Scoping and tailoring are the processes of clarifying and limiting general recommendations applicable to a precise environment.

Scoping is more applicable to limit general recommendations through the removal of aspects not applicable to any specific environment or institutions. Tailoring, on the other hand, involves the alteration of details regarding general information that is more specifically applicable to an institution or environment.

IT baseline protection

IT baseline protection is a German Federal Office approach toward information security. It is a process involving identification and implementation of computer security measures taken by an organization. IT baseline protection aims to achieve a satisfactory and suitable security level for every IT system. Therefore, it recommends well-proven personnel, technical, organizational, and infrastructural safeguards. Every institution and federal agency must show a systematic approach to secure its IT systems.

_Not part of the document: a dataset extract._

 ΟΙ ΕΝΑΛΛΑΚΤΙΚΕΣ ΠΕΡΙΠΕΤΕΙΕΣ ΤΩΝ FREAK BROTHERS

Overview baseline security

The phrase baseline security implies standard security measures to be implemented for typical IT systems. Baseline security can be used for different contexts having somewhat diverse meanings, such as:

Cisco Security Baseline: This vendor recommendation is focused on security controls of a network and its devices.
Microsoft Baseline Security Analyzer: This is a software tool for the security of Microsoft operating systems and services.
Nortel Baseline Security: This is a set of best practices and requirements for different network operators.

ISO/IEC 13335-3 has been replaced by ISO/IEC 27005, which defines the approach of baseline risk management and is regarded as the standard. However, there are many available policies related to baseline security for organizations. The FSI from Germany has a widespread baseline security standard that is compliant with the recent ISO/IEC 27000-series.

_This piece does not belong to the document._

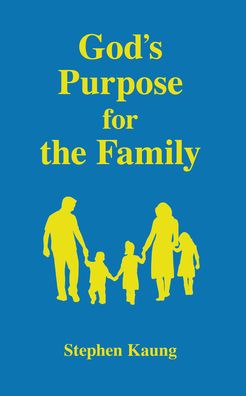 Cover for Stephen Kaung · God's Purpose for the Family (Paperback Book) (2014)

IT security standards and frameworks

The challenges involving the organization of an information security program are quite overwhelming, as there are too many aspects to address. To assess effectively the security requirements of an institution and to further evaluate and choose different security policies and products, the manager in charge of security needs to have some systematic means of defining the security requirements as well as characterizing the approaches to satisfy them. Inside a centralized data processing setting this procedure is difficult enough, and the widespread use of LANs and WANs respectively compounded the problems.

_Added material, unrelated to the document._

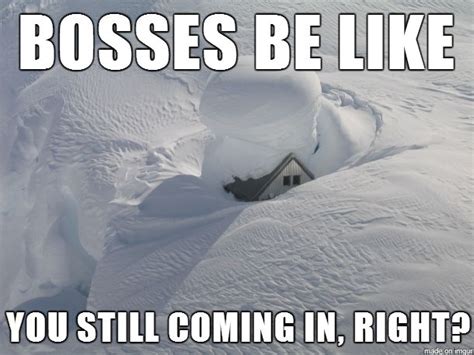 43 Snow Day Memes Because It S A Fricking Blizzard Out There Snow Day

Management faces tough challenges in providing formidable information security. There are substantial information system assets even in relatively small institutions as they include files and databases associated with company operation, personnel, financial matters, and other factors. Characteristically, the information system setting is always complex as it includes a variety of storage systems, local networks, workstations, servers, the Internet and other forms of remote network connections. Security managers also face a range of growing threats that are getting more advanced in scope and sophistication. The range of security failure consequences is substantial for both the organization and the individual managers, and includes civil liability, financial loss, and even criminal liabilities.

In such circumstances, standards to provide information system security turn out to be an essential part of every organization. Such standards can define the security function scopes and required features, policies to manage both data sets and human assets, evaluate the criteria for effective security measures, techniques required for ongoing security assessment, and monitoring security breaches as well as processes to deal with security failures.

Cryptography

It is quite evident and rational that no infrastructure security controls can be 100% efficient. In a layered security model, it is often essential to employ one ultimate prevention control to protect sensitive information, known as encryption.

Encryption cannot be, however, a universal remedy for information security concerns. It does not have the power to solve every data-centric security issue your organization may have. Rather, encryption may simply act as one of the many controls to secure sensitive information. Encryption over the years has been proven to be an effective ingredient in information security architecture.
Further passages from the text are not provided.